Fearfully, I’m fearfully falling in heavy like with someone and I’m unable to control how I feel.
I hate it.
I’ve hated knowing that someone has added so much peace to my life that their absence is felt when they aren’t around. I’m scared, and I’ve never been terrified of falling for someone but this time, this time I’m fearful. Putting on a facade that not knowing how he feels doesn’t bother me, on good days it doesn’t but on bad days it does. Because I find myself asking the questions that 19 year old me would ask.
The naïveté of life’s painful experiences depriving me of feeling everything. And then there’s silence. Stares at the ceiling and heart palpitations when I know I’m going to see him soon. It’s that fear of allowing him to know how I really feel that keeps my heart strapped to chains. I’m suffocating. Suffocating from the fact that someone is treating me so well and being so honest with me that the possibility of it being too good to be true takes over on most days.
Scared that I may choke the life out of what this is… this thing… this undefined thing that leads me to missing someone that’s new to my life, that makes me avoid entertaining someone else and keeps me at home because I’d rather be alone than risk messing this up. It’s … a lot for me to take in, and in moments where I find my heart beat slowing down there’s a sudden spark… it’s like my mind is activated when I hear his opinions, his thoughts are so enticing and even though he tells me that he learns a lot from me, he has no idea how much I learn from him on a daily.
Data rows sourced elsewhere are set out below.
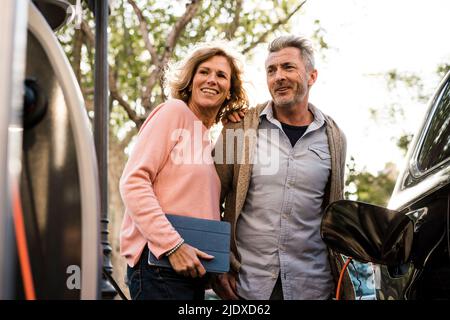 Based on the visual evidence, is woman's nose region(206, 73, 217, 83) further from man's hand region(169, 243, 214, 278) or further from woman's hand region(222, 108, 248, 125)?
man's hand region(169, 243, 214, 278)

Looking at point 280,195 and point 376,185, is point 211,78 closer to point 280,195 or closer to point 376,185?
point 280,195

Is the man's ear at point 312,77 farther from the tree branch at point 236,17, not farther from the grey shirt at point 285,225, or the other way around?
the tree branch at point 236,17

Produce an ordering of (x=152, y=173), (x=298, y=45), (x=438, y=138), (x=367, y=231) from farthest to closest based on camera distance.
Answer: (x=298, y=45) → (x=152, y=173) → (x=438, y=138) → (x=367, y=231)

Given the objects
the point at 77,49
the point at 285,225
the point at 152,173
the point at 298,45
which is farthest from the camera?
the point at 77,49

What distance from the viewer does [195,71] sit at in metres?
3.41

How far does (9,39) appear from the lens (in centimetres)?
177

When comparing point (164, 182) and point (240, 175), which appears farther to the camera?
point (240, 175)

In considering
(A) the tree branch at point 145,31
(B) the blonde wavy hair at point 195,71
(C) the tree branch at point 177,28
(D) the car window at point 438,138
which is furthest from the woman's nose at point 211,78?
(C) the tree branch at point 177,28

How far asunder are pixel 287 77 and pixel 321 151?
338 millimetres

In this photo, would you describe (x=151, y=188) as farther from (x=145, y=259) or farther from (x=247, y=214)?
(x=247, y=214)

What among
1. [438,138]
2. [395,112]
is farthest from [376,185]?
[438,138]

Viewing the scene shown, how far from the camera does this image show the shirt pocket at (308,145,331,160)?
3.42 meters

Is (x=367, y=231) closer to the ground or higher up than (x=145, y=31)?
closer to the ground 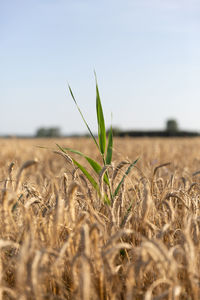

It’s irreplaceable, the feeling of being so attracted to someone’s mind that you end up creating a utopian experience subconsciously. Palms sweating, make up off, nothing but shorts and a tee and somehow he still looks at me like I’m adding so much peace to his life. I’ve sat as tears streamed down my face before, heart break isn’t something I’m good with handling and now, I’m afraid of the one thing I never thought I’d be afraid of… allowing my facade to fall and letting someone into my heart completely.
You bother me.
By disrupting the way in which I’ve engaged with relationships and reminding me that things don’t have to be toxic in order to be valued. By showing me that communicating doesn’t mean screaming and yelling each other. That disappointment doesn’t have to be a constant, that canceling plans doesn’t mean I’m not valued because he reaffirms me when he makes the time to see me again, when I’m scared of being around his friends but he holds my hand and leads me through it. Holding my breath and closing my eyes to experience it all in the moment, and yet I sit here and wonder… how do I avoid falling for someone that disrupts the very way in which I’ve always experienced love?